- The problem
The line containing "Gepersonaliseerde lightbox - Bloemen" marks the end, so write out exactly every line from the top of the entries below through that one.

- Data provided
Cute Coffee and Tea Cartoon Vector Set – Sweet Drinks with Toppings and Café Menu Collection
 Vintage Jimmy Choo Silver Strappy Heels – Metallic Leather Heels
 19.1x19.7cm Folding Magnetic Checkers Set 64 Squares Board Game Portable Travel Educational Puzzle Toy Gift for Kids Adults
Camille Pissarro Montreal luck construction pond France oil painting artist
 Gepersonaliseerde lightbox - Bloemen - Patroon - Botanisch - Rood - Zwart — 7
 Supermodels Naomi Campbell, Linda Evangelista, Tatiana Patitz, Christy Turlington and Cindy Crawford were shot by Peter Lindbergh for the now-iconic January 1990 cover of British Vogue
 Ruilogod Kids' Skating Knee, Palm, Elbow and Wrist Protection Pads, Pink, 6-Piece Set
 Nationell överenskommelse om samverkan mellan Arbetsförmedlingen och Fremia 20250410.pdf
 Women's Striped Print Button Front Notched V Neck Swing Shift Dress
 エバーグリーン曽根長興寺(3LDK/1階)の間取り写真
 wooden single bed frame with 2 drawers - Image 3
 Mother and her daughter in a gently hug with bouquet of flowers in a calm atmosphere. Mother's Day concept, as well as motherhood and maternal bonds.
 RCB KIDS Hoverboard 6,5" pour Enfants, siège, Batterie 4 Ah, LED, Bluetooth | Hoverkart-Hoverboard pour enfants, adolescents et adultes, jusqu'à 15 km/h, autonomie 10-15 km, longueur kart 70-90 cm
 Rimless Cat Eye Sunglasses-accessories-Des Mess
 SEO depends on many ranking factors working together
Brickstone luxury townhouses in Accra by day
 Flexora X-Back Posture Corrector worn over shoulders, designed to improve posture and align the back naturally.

- Output of the exercise
Cute Coffee and Tea Cartoon Vector Set – Sweet Drinks with Toppings and Café Menu Collection
 Vintage Jimmy Choo Silver Strappy Heels – Metallic Leather Heels
 19.1x19.7cm Folding Magnetic Checkers Set 64 Squares Board Game Portable Travel Educational Puzzle Toy Gift for Kids Adults
Camille Pissarro Montreal luck construction pond France oil painting artist
 Gepersonaliseerde lightbox - Bloemen - Patroon - Botanisch - Rood - Zwart — 7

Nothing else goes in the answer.